Open elliottslaughter opened 7 months ago
I put in an initial change to just shut off vectorization, for now:
https://gitlab.com/StanfordLegion/legion/-/merge_requests/1205
I can't find good documentation on the ARM instruction set so I've been looking through random LLVM tests trying to find the names of the intrinsics. I see:
https://github.com/llvm/llvm-project/blob/main/llvm/test/CodeGen/ARM/vpadd.ll#L64
But this is a 64-bit (?!) vector and I see no options for larger vector widths or for 64-bit floating point.
I merged the change to disable the vectorizer so that at least we're not generating invalid vector intrinsics for ARM now.

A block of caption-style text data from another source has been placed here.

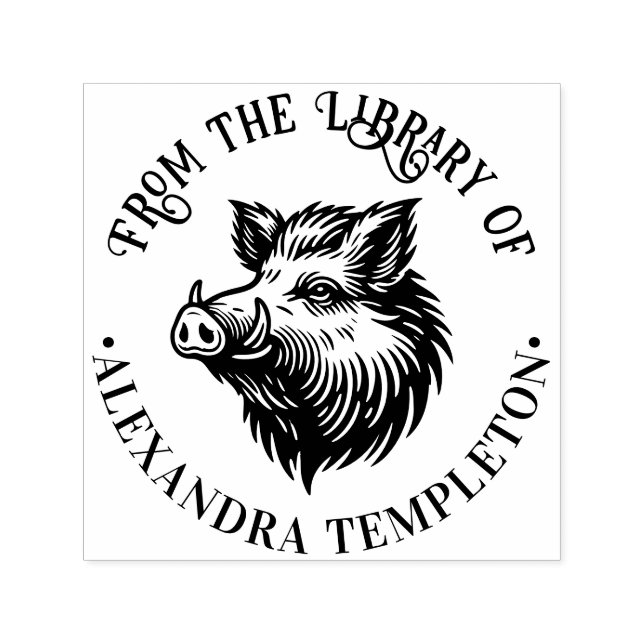 Tampon Auto-encreur Rustic Wild Boar Head Library Nom du livre #1P (Design)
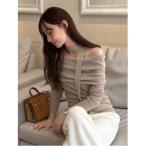 ショッピングオフショルダー ニット セーター ウールアクリルオフショルプルオーバーニット レディース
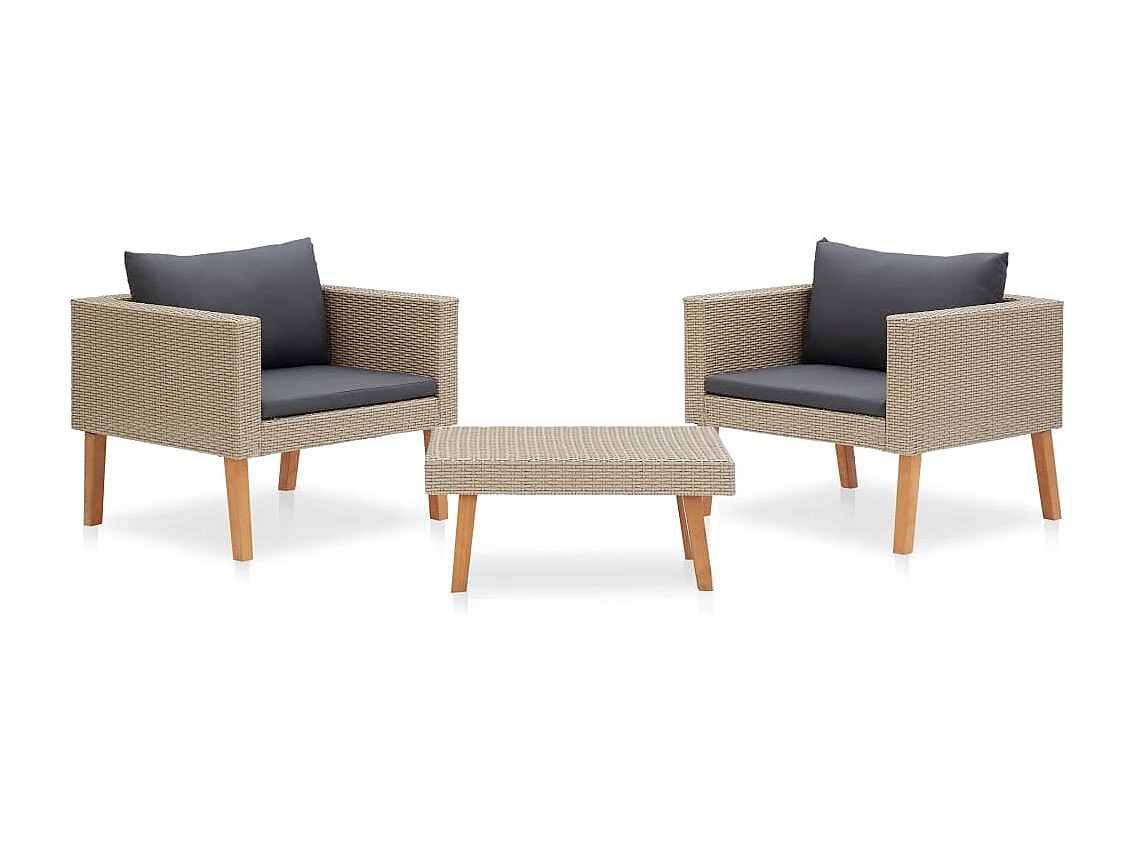 3-delige Loungeset met kussens poly rattan beige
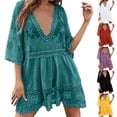 thumbnail image 1 of RongHuan Women's Contrast Lace Bathing Suit Cover Up V-Neck Swimsuit Coverups Loose Swimwear Beach Dress Beachwear, 1 of 9
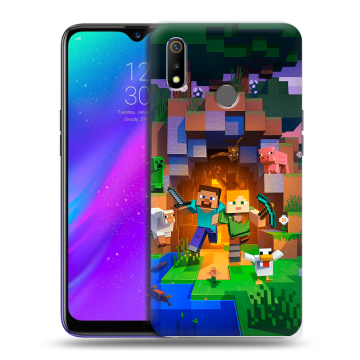 Силиконовый чехол на Realme 3 с принтом Майнкрафт Minecraft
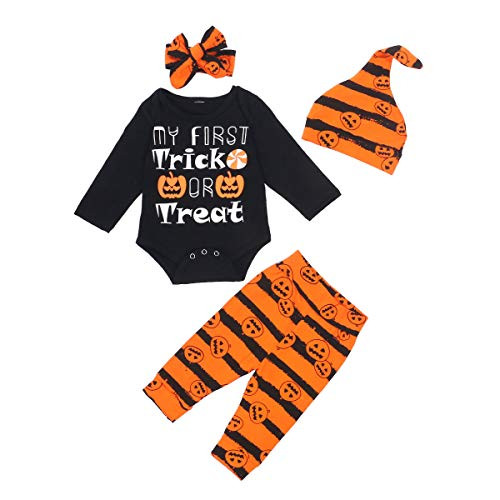 Newborn Baby Boy Girl Clothes My 1st Thanksgiving Halloween Outfit Pumpkin Romper Long Pants Infant Boy Pumpkin Bodysuit -Black Orange  6-9 Months-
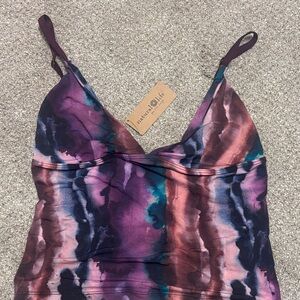 NATURAL LIFE Watercolor Tie-Dye Cami in Purple Teal Black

I can't find good documentation on the ARM instruction set
This is pretty good: https://arm-software.github.io/acle/neon_intrinsics/advsimd.html
For example, here are the addition ones: https://arm-software.github.io/acle/neon_intrinsics/advsimd.html#addition
Just since we were discussing it here is the 2-wide 64-bit add instruction: https://developer.arm.com/architectures/instruction-sets/intrinsics/vaddq_s64
Does anyone know where the LLVM versions of these intrinsics are defined? Grepping through the LLVM 17.0.5 source, I cannot find any evidence that these instructions are exposed as intrinsics. Presumably they must be, but I can't find them.
@pmccormick?
They use TableGen to generate .h header files with all the intrinsics. For neon as an example the .td file (input to TableGen) is in https://github.com/llvm/llvm-project/blob/main/clang/include/clang/Basic/arm_neon.td
We're missing the case for ARM here:
https://gitlab.com/StanfordLegion/legion/-/blob/d44c4d4062cb726a64aba19c023844ec62ef1077/language/src/regent/vectorize_loops.t#L101
In addition to some severely lacking CPU detection logic:
https://gitlab.com/StanfordLegion/legion/-/blob/d44c4d4062cb726a64aba19c023844ec62ef1077/language/src/regent/vectorize_loops.t#L33-40
This results in us attempting to generate x86 intrinsics for ARM, which obviously fails.